PDFCour administrative d’appel de Paris, 5 décembre 2006, n° 04PA02610, F2 Eaux Concept


- Transaction et obligation d’information

Dans cette affaire, le Conseil d’Etat annule une délibération autorisant le maire d’une commune à conclure une transaction compte tenu des éléments d’informations insuffisants portés à la connaissance des élus. Il indique : "Lorsqu’il entend autoriser le maire à conclure une transaction, le conseil municipal doit, sauf à méconnaître l’étendue de sa compétence, se prononcer sur tous les éléments essentiels du contrat à intervenir, au nombre desquels figurent notamment la contestation précise que la transaction a pour objet de prévenir ou de terminer et les concessions réciproques que les parties se consentent à cette fin."

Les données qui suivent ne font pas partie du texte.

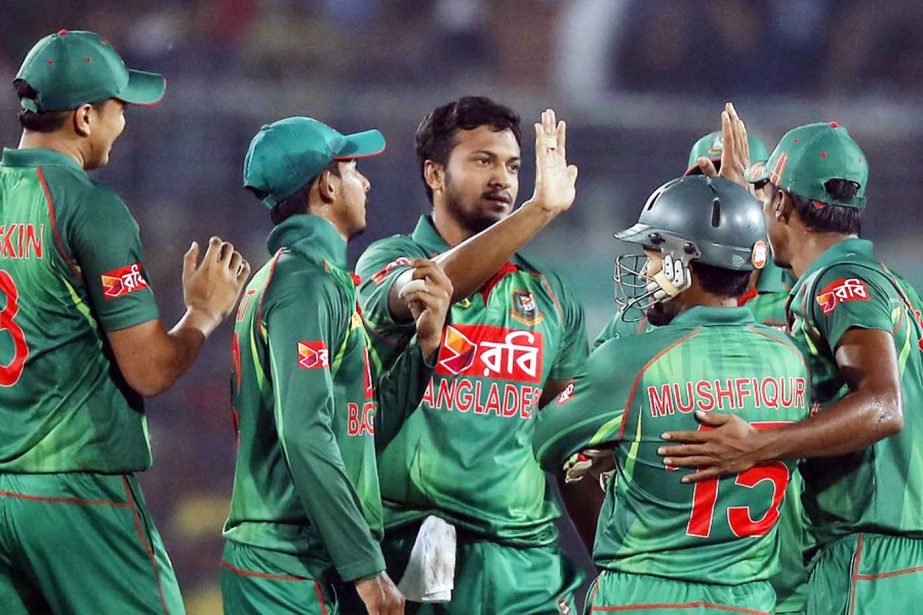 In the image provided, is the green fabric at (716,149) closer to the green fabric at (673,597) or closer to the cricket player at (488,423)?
the cricket player at (488,423)

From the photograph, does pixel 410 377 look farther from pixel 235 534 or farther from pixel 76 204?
pixel 76 204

PDFConseil d’Etat, 11 septembre 2006, n°255273, Commune de Théoule sur Mer


- Production de références en adéquation au marché

Dans une affaire régie par les dispositions du code des marchés publics antérieur à 2001, il a été jugé que, dès lors que l’acheteur public est en droit de demander aux candidats de produire à l’appui de leur candidature, les effectifs de l’entreprise et les moyens en personnel et en matériel envisagés pour la réalisation du projet ainsi que son dossier de référence, l’entreprise qui s’est contentée d’indiquer les effectifs et les moyens de production dont elle disposait en son siège social et dans un autre établissement, sans toutefois préciser ceux qu’elle entendait réserver à la réalisation du projet, ne pouvait valablement prétendre à ce que son offre soit retenue.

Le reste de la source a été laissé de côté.